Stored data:
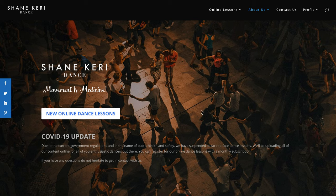Hi guys and welcome to Online Dance Lessons with Shane and Kerry. This short video is just to show you how to log back in if you've forgotten how to log in, and also we'll show you if you are a new subscriber how to actually subscribe.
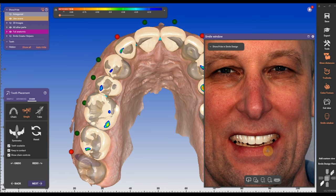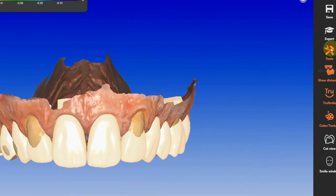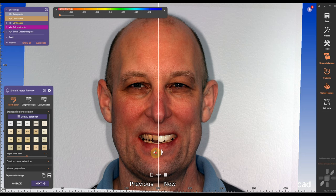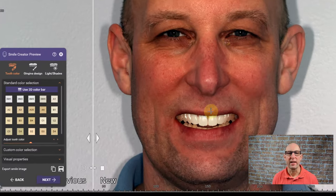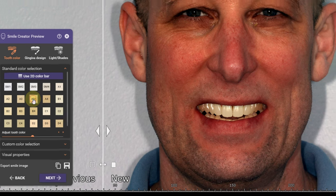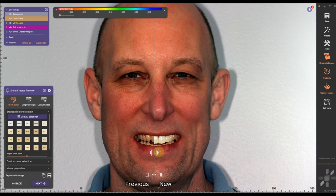Then under tools, I can go back into the actual smile creator. In the smile creator, I have my preview before and after again. I can change shades — for example, I'm starting out with an A1, I can have an A2, A3, A3.5. So you can see right away how you're gonna look with a different shade.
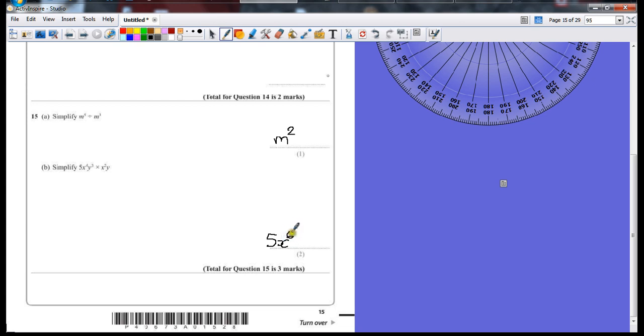And then y to the power of 3 times y. If we just remember that y on its own is the same as y to the power of 1, that's 3 add 1, which gives y to the power of 4.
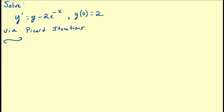Hello there. In this video we're going to walk through another example of the Picard iteration method. In this example we're going to look at y prime equals y minus 2e to the minus x, with the initial condition that y(0) equals 2. You can solve this analytically if you would like to check the answer via the method of integration factors.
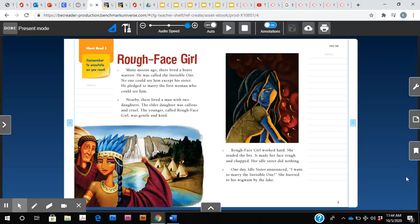Hi boys and girls, welcome back. Today we are going to read our story Rough Face Girl one more time, and this time we are going to focus on annotating the key details of our story.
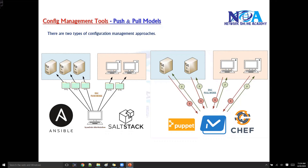In this video we will try to understand the difference between the push and the pull models. These are the two different configuration approaches used by different configuration management tools.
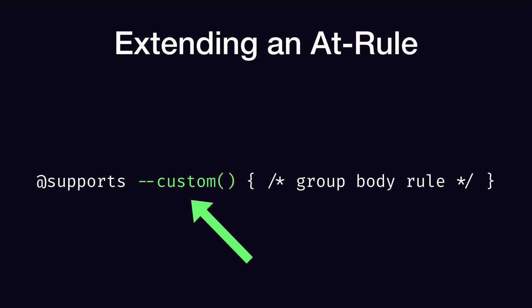Just like before, we can start our custom extended at-rule with a double dash, then any name we want, followed by a pair of brackets. This satisfies what CSS is looking for as far as @supports rules go, and since we know no future features will begin with a double dash, the naming is safe for us to use.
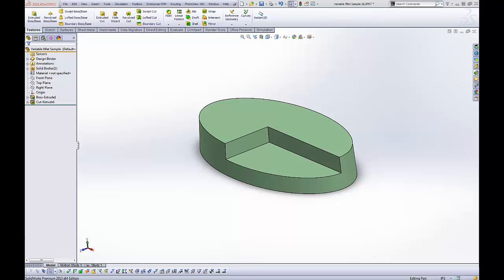Hi, Tim Roberts here, Application Engineer with GoEngineer. This quick tip video I'm going to be discussing how to create a variable radius fillet.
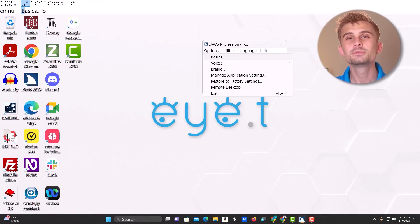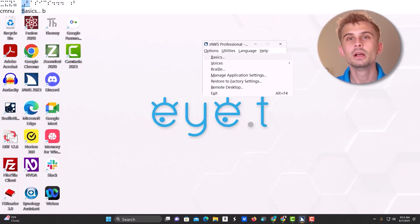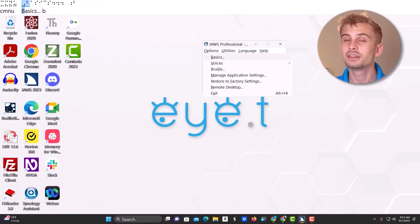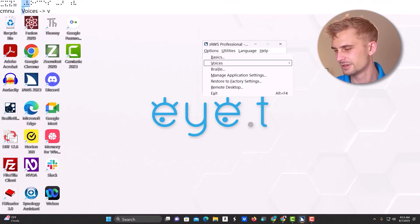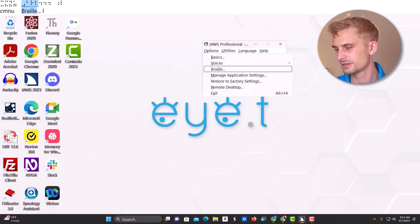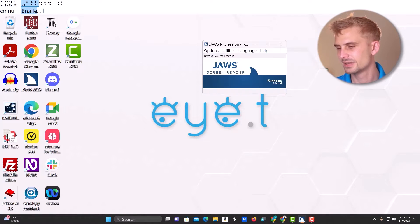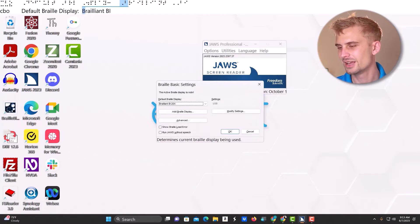Now I'm going to use my arrow keys to get to braille, and of course when I get there, press Enter.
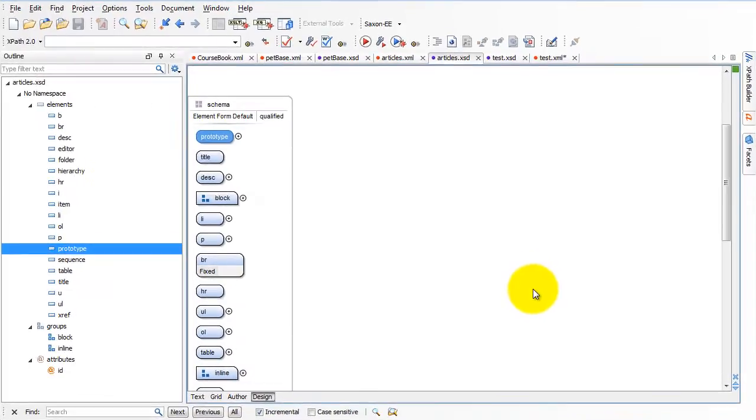I've talked a little bit about how to get schemas started. Let's talk now about how to read them, how to look at them, how to deal with ones that are a little bit more complex than the simple one that we just created.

## What the task asks
Find the line that contains "Hi, Tim Roberts", then write out that line and every line after it through the end of the records, exactly. Leave the pictures out.

## Solved exercise
Hi, Tim Roberts here, Application Engineer with GoEngineer. This quick tip video I'm going to be discussing how to create a variable radius fillet.
Now I'm going to use my arrow keys to get to braille, and of course when I get there, press Enter.
I've talked a little bit about how to get schemas started. Let's talk now about how to read them, how to look at them, how to deal with ones that are a little bit more complex than the simple one that we just created.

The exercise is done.